What is expected:
Repeat the whole listing, keeping each line as it is.

START Records supplied

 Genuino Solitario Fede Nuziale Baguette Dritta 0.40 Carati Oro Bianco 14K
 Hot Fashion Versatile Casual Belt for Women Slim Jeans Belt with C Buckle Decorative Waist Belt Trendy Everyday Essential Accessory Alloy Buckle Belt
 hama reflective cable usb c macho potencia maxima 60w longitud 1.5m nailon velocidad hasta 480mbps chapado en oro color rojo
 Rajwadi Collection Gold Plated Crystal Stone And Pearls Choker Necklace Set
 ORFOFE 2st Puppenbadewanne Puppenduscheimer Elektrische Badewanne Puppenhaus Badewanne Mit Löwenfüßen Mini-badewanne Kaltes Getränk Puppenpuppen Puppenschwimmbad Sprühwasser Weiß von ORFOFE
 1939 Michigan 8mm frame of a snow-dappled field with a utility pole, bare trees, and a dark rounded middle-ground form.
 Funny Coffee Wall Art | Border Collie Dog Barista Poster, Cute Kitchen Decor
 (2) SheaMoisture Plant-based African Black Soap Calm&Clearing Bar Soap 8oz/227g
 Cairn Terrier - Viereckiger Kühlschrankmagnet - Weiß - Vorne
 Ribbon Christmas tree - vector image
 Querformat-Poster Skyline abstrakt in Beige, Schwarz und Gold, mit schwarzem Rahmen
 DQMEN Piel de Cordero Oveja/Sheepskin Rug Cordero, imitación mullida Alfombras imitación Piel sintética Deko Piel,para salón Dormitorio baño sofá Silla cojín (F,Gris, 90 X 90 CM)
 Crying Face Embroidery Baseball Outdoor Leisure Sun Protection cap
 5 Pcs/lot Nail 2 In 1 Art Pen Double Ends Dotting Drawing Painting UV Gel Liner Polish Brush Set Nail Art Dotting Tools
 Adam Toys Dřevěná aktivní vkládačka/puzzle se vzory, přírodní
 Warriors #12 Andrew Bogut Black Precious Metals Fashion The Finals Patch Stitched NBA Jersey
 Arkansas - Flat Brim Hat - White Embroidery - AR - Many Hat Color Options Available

END Records supplied

Task solution:
 Genuino Solitario Fede Nuziale Baguette Dritta 0.40 Carati Oro Bianco 14K
 Hot Fashion Versatile Casual Belt for Women Slim Jeans Belt with C Buckle Decorative Waist Belt Trendy Everyday Essential Accessory Alloy Buckle Belt
 hama reflective cable usb c macho potencia maxima 60w longitud 1.5m nailon velocidad hasta 480mbps chapado en oro color rojo
 Rajwadi Collection Gold Plated Crystal Stone And Pearls Choker Necklace Set
 ORFOFE 2st Puppenbadewanne Puppenduscheimer Elektrische Badewanne Puppenhaus Badewanne Mit Löwenfüßen Mini-badewanne Kaltes Getränk Puppenpuppen Puppenschwimmbad Sprühwasser Weiß von ORFOFE
 1939 Michigan 8mm frame of a snow-dappled field with a utility pole, bare trees, and a dark rounded middle-ground form.
 Funny Coffee Wall Art | Border Collie Dog Barista Poster, Cute Kitchen Decor
 (2) SheaMoisture Plant-based African Black Soap Calm&Clearing Bar Soap 8oz/227g
 Cairn Terrier - Viereckiger Kühlschrankmagnet - Weiß - Vorne
 Ribbon Christmas tree - vector image
 Querformat-Poster Skyline abstrakt in Beige, Schwarz und Gold, mit schwarzem Rahmen
 DQMEN Piel de Cordero Oveja/Sheepskin Rug Cordero, imitación mullida Alfombras imitación Piel sintética Deko Piel,para salón Dormitorio baño sofá Silla cojín (F,Gris, 90 X 90 CM)
 Crying Face Embroidery Baseball Outdoor Leisure Sun Protection cap
 5 Pcs/lot Nail 2 In 1 Art Pen Double Ends Dotting Drawing Painting UV Gel Liner Polish Brush Set Nail Art Dotting Tools
 Adam Toys Dřevěná aktivní vkládačka/puzzle se vzory, přírodní
 Warriors #12 Andrew Bogut Black Precious Metals Fashion The Finals Patch Stitched NBA Jersey
 Arkansas - Flat Brim Hat - White Embroidery - AR - Many Hat Color Options Available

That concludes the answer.